La Loi sur les arrangements avec les créanciers des compagnies (LACC) est inscrite dans les lois canadiennes depuis près de 90 ans. Au cours des quatre dernières décennies, la Loi a été appliquée pour résoudre les problèmes d’insolvabilité de nombreuses grandes entreprises, y compris des entreprises bien connues comme Air Canada, Algoma Steel, Eaton, Sears Canada, Target Canada, Canwest Global Communications et DavidsTea, pour n’en nommer que quelques-unes. Au cours de cette même période, le domaine de l’insolvabilité s’est développé considérablement, ce qui a conduit à la création de publications telles que la Revue annuelle du droit de l’insolvabilité et la Conférence qui en découle.

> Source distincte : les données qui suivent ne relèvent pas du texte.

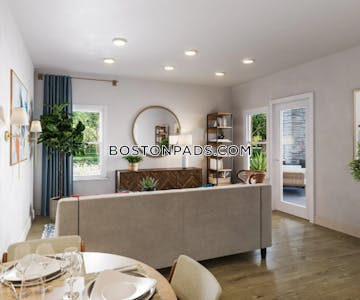 Worcester 2 bedroom 1 baths Luxury in Worcester - $3,595 No Fee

Néanmoins, jusqu’à récemment, on ne s’est guère intéressé à l’historique de la LACC. D’où la monographie, Reinventing Bankruptcy Law: A History of the Companies’ Creditors Arrangement Act publié par les Presses de l’Université de Toronto en 2020. Cet ouvrage présente le premier compte rendu historique des origines du plus important cadre de restructuration des entreprises au Canada.
Reinventing Bankruptcy Law fait appel à plusieurs perspectives d’analyse, notamment le droit, l’histoire, les sciences politiques et la sociologie, pour vous présenter un récit multidisciplinaire de l’évolution du droit de la restructuration des entreprises canadiennes au cours du vingtième siècle. Le livre aborde la question suivante : « Comment peut-on dire que, la LACC, c’est “la LACC”? » Il faut reconnaître que la réponse ne convient pas aux gens timorés. Comme le souligne le professeur Anthony Duggan de la Faculté de droit de l’Université de Toronto dans son avant-propos, « le livre fait exploser les idées reçues sur les objectifs politiques sous-jacents de la LACC, et il expose les effets dévastateurs des erreurs du passé dans la jurisprudence contemporaine ». Cet article met en lumière trois principales conclusions qui sont tirées de l’ouvrage.
La première est que la LACC se voulait un mécanisme de recours pour les créanciers garantis les plus importants. Hormis une seule remarque formulée par le Parlement, aucun élément historique ne vient étayer l’idée que la Loi se voulait un recours pour les entreprises débitrices ou qu’elle visait à promouvoir l’intérêt public au sens large. Au contraire, les entreprises qui présentaient un intérêt public considérable dans les années 1930, comme les chemins de fer et les compagnies de télégraphe, étaient expressément exclues du champ d’application de la LACC, et le sont toujours, du moins en théorie. Il faut se rappeler que la Grande Dépression a été le nadir de la foi du public dans le capitalisme et les marchés libres. Les entreprises qui présentaient des aspects touchant à l’intérêt public ont pour la plupart bénéficié d’une aide directe du gouvernement et, quoi qu’il en soit, le sort des entreprises les plus importantes a échappé à l’emprise des créanciers.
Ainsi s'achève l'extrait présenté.